*** Begin section ***

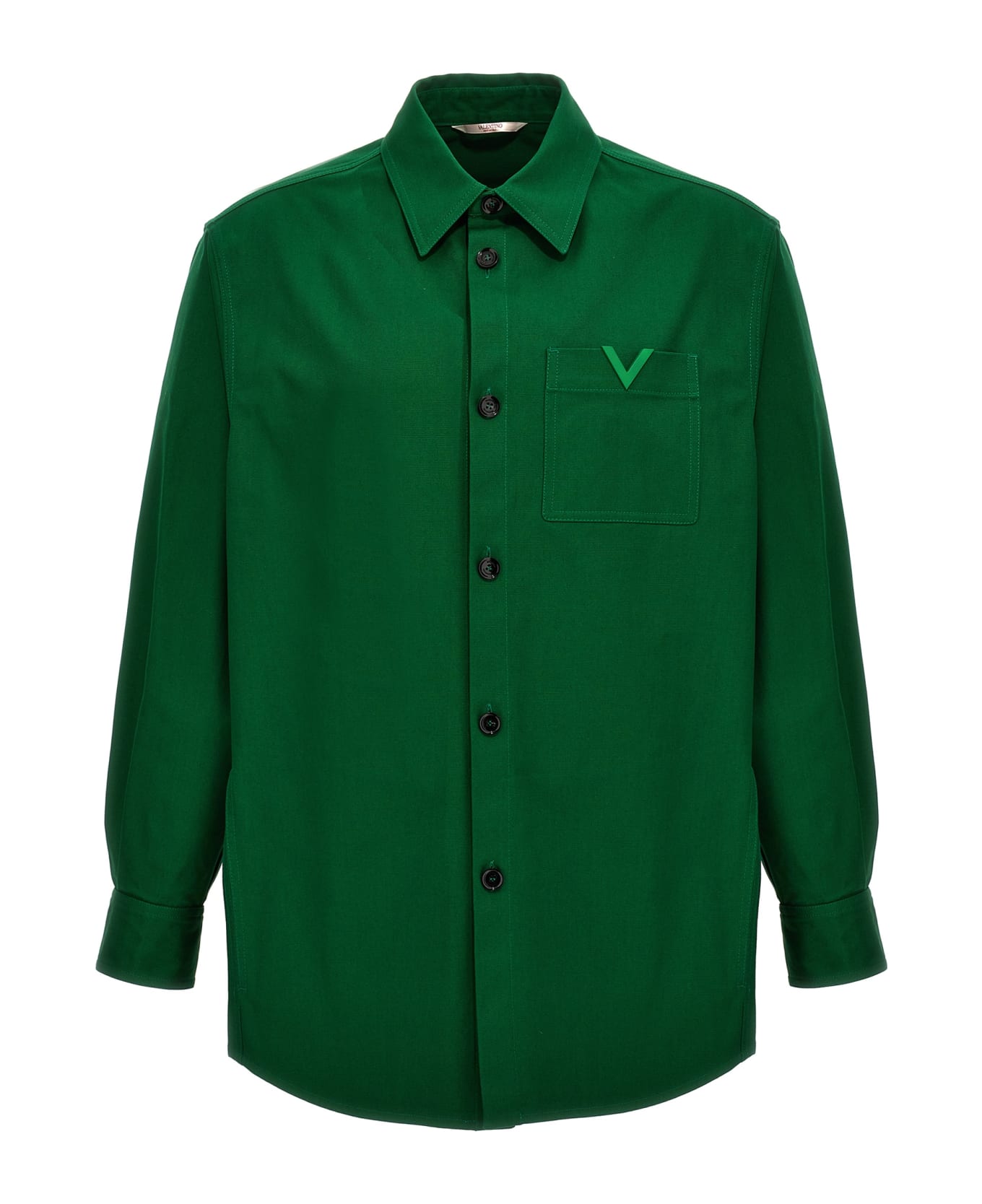 Valentino Garavani Canvas Shirt Jacket - Green シャツ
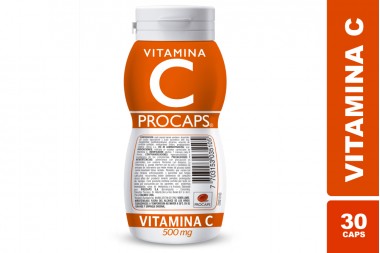 Vitamina C 500 mg Frasco con 30 Cápsulas líquidas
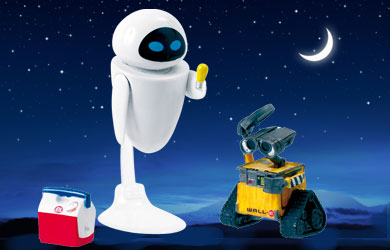 Unbranded WALL.E Movie Moments - Wall-E in Awe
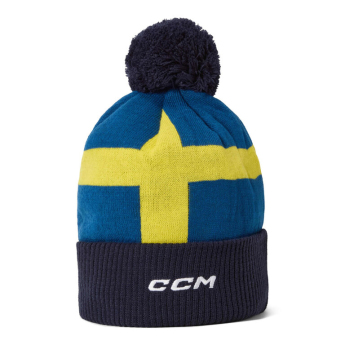 Hokejové reprezentace zimní čepice Sweden Pom Flag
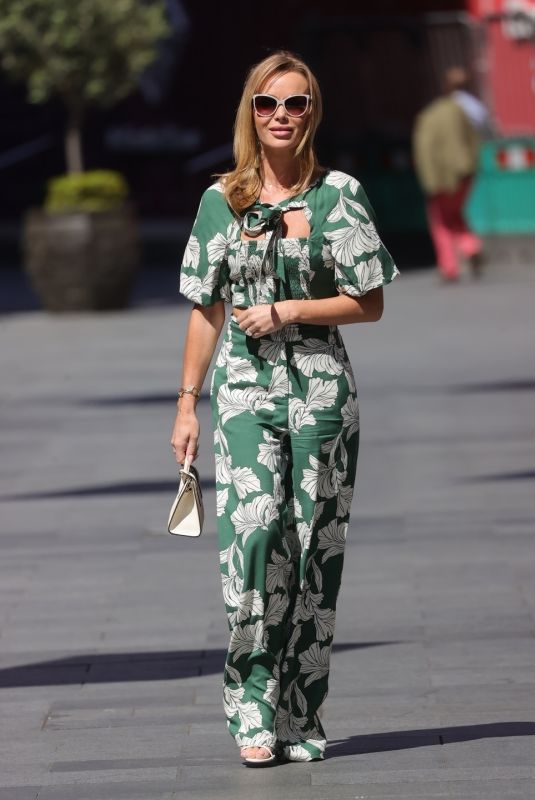 AMANDA HOLDEN Arrives at Heart Radio in London 06/14/2022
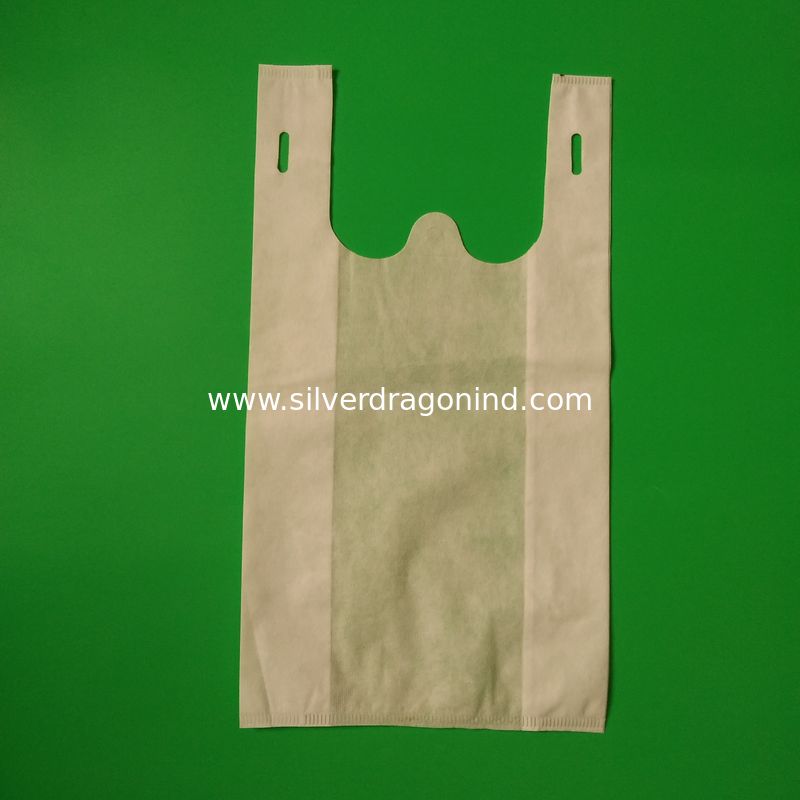 Eco-friendly vest non woven shopping bag, green, red, orange, purple, white, black color are available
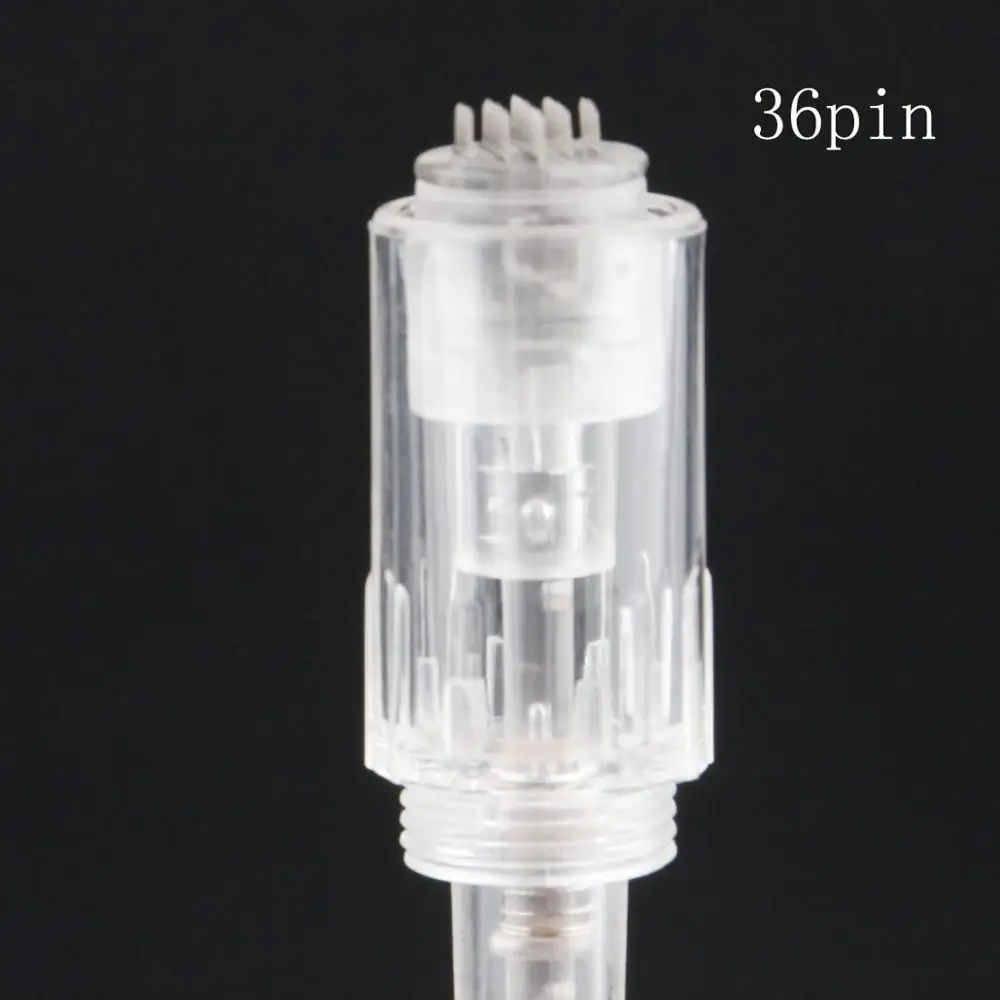 9 12 36 Pin Nano штык Порты и разъёмы Дерма ручка иголочный картридж острые наконечники для электрической авто микроиглы дермы ручка насадки для кия 10 шт./компл - Габаритные размеры: L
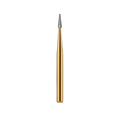 fg-7214-dental-egg-shape-golden-handle-tungsten-steel-finishing-pin-for-high-speed-handpiece-fg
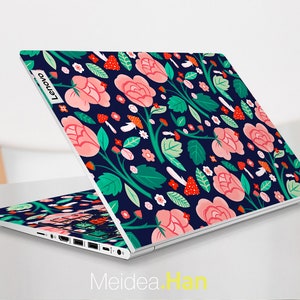 Lenovo Laptop Skins IdeaPad 1 15 Personalized Customizable Marble Vinyl Gifts For Her For Lenovo Slim Legion Ideapad Yoga Thinkbook Thinkpad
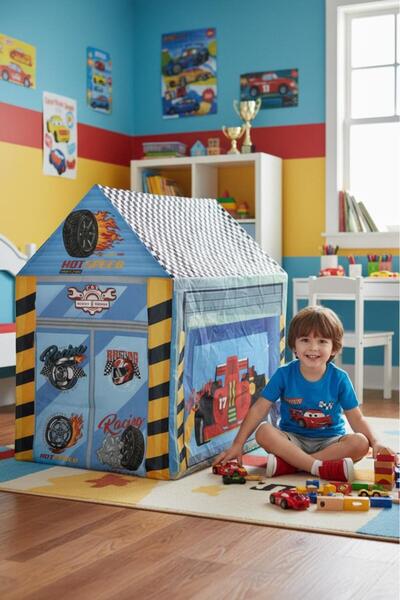 NeUygun Yarış Arabam Oyun Çadırı / Evi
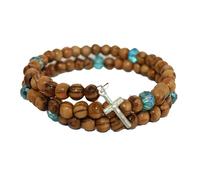 KOGMMYSEVP Bracelet chapelet religieux en perles de bois tendance 2025 haute performance, Contact us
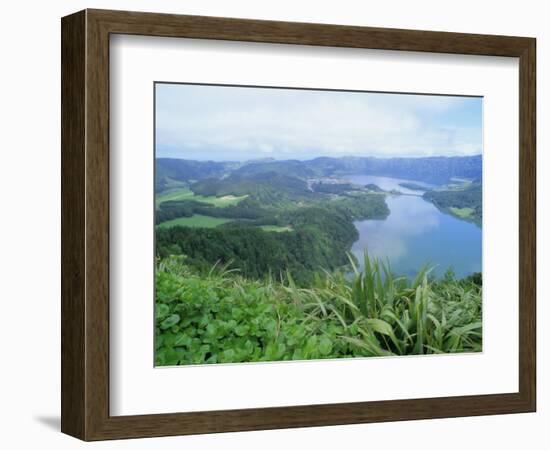 Sete Citades Lakes, Sao Miguel Island, Azores, Portugal, Europe, Atlantic Ocean-J P De Manne-Framed Photographic Print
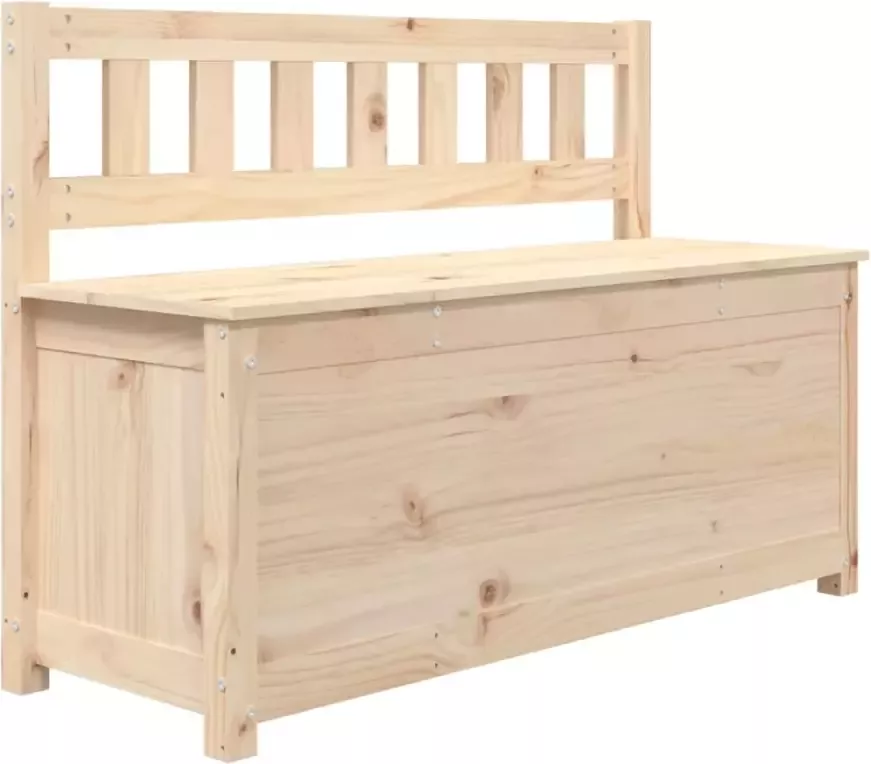 VIDAXL Bankje 110x41x76 5 cm massief grenenhout - Foto 2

*** End section ***

◆ YOUR INSTRUCTIONS: Write out the entries again, exactly as given, skipping any images.

◆ SOLVED PROBLEM:
 Valentino Garavani Canvas Shirt Jacket - Green シャツ
 Vitamina C 500 mg Frasco con 30 Cápsulas líquidas
 Unbranded WALL.E Movie Moments - Wall-E in Awe
 Hokejové reprezentace zimní čepice Sweden Pom Flag
 AMANDA HOLDEN Arrives at Heart Radio in London 06/14/2022
 Eco-friendly vest non woven shopping bag, green, red, orange, purple, white, black color are available
 9 12 36 Pin Nano штык Порты и разъёмы Дерма ручка иголочный картридж острые наконечники для электрической авто микроиглы дермы ручка насадки для кия 10 шт./компл - Габаритные размеры: L
 fg-7214-dental-egg-shape-golden-handle-tungsten-steel-finishing-pin-for-high-speed-handpiece-fg
 Lenovo Laptop Skins IdeaPad 1 15 Personalized Customizable Marble Vinyl Gifts For Her For Lenovo Slim Legion Ideapad Yoga Thinkbook Thinkpad
 NeUygun Yarış Arabam Oyun Çadırı / Evi
 KOGMMYSEVP Bracelet chapelet religieux en perles de bois tendance 2025 haute performance, Contact us
 Sete Citades Lakes, Sao Miguel Island, Azores, Portugal, Europe, Atlantic Ocean-J P De Manne-Framed Photographic Print
 VIDAXL Bankje 110x41x76 5 cm massief grenenhout - Foto 2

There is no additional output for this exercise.